- DATA PROVIDED
◇ ◇ ◇

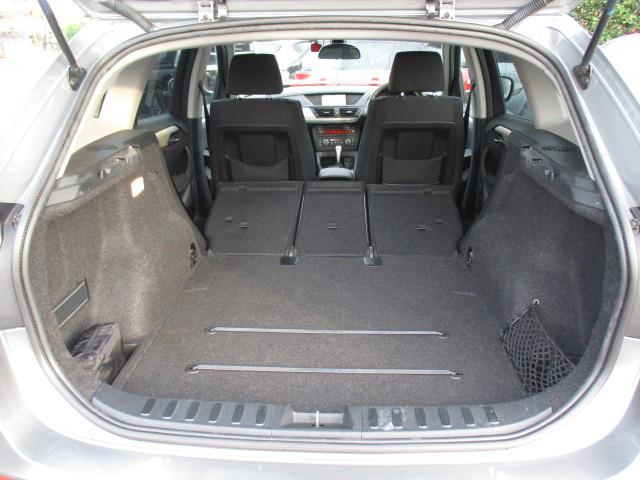 X1 sDrive 18i 車検R8年9月 走行6.9万キロ ドライブレコーダー バックカメラ CD スマートキー プッシュスタート ミラー一体型ETC HIDライト フォグ オートライト マニュアルモード 純正17アルミ(11枚目)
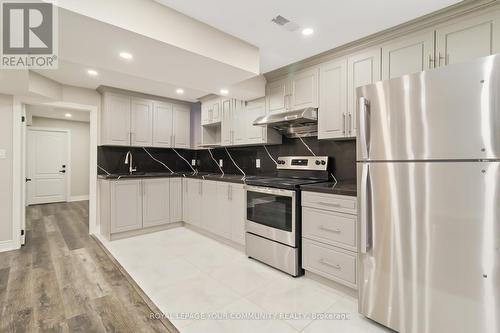 Lower - 5952 Grossbeak Drive, Mississauga, ON - Indoor Photo Showing Kitchen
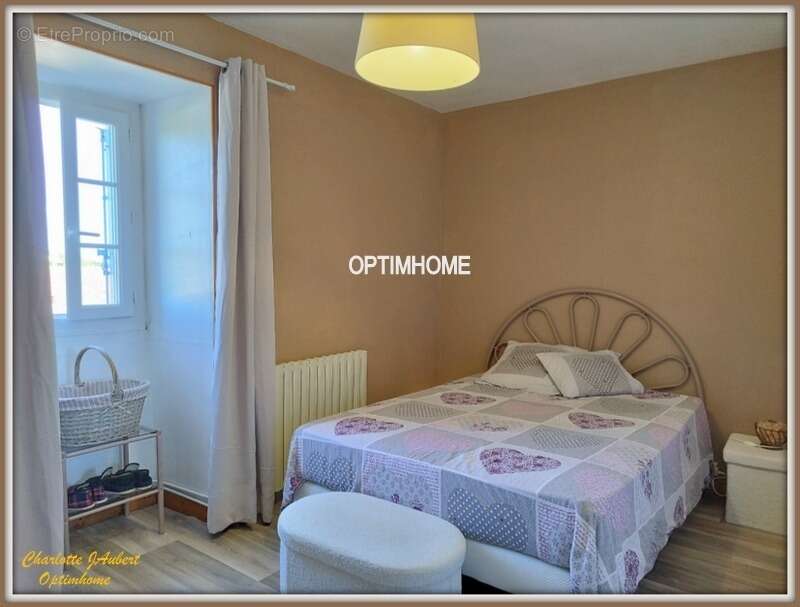 Maison à BARBEZIEUX-SAINT-HILAIRE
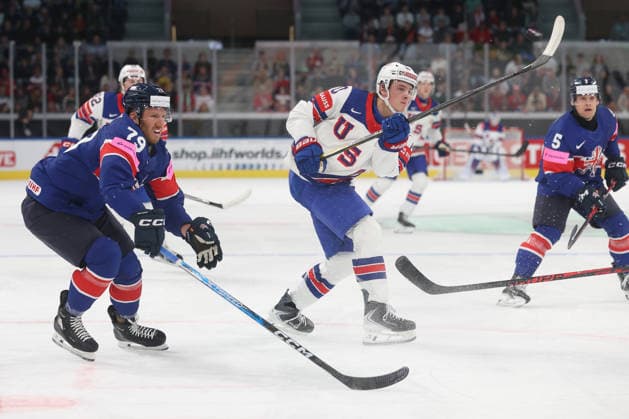 WM 2026 USA - GBR Nathanael Halbert gegen James Hagens 17.05.2026 Swiss Life Arena Zuerich , SCHWEIZ, Eishockey Herren IIHF World Championship, WM, Weltmeisterschaft Zurich 2026 Gruppe A USA - GBR Nathanael Halbert (li,GBR) gegen James Hagens (USA)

◇ ◇ ◇

- TASK TO CARRY OUT
Restate the listing above word for word. Leave the images out.

- WRITTEN RESPONSE
 X1 sDrive 18i 車検R8年9月 走行6.9万キロ ドライブレコーダー バックカメラ CD スマートキー プッシュスタート ミラー一体型ETC HIDライト フォグ オートライト マニュアルモード 純正17アルミ(11枚目)
 Lower - 5952 Grossbeak Drive, Mississauga, ON - Indoor Photo Showing Kitchen
 Maison à BARBEZIEUX-SAINT-HILAIRE
 WM 2026 USA - GBR Nathanael Halbert gegen James Hagens 17.05.2026 Swiss Life Arena Zuerich , SCHWEIZ, Eishockey Herren IIHF World Championship, WM, Weltmeisterschaft Zurich 2026 Gruppe A USA - GBR Nathanael Halbert (li,GBR) gegen James Hagens (USA)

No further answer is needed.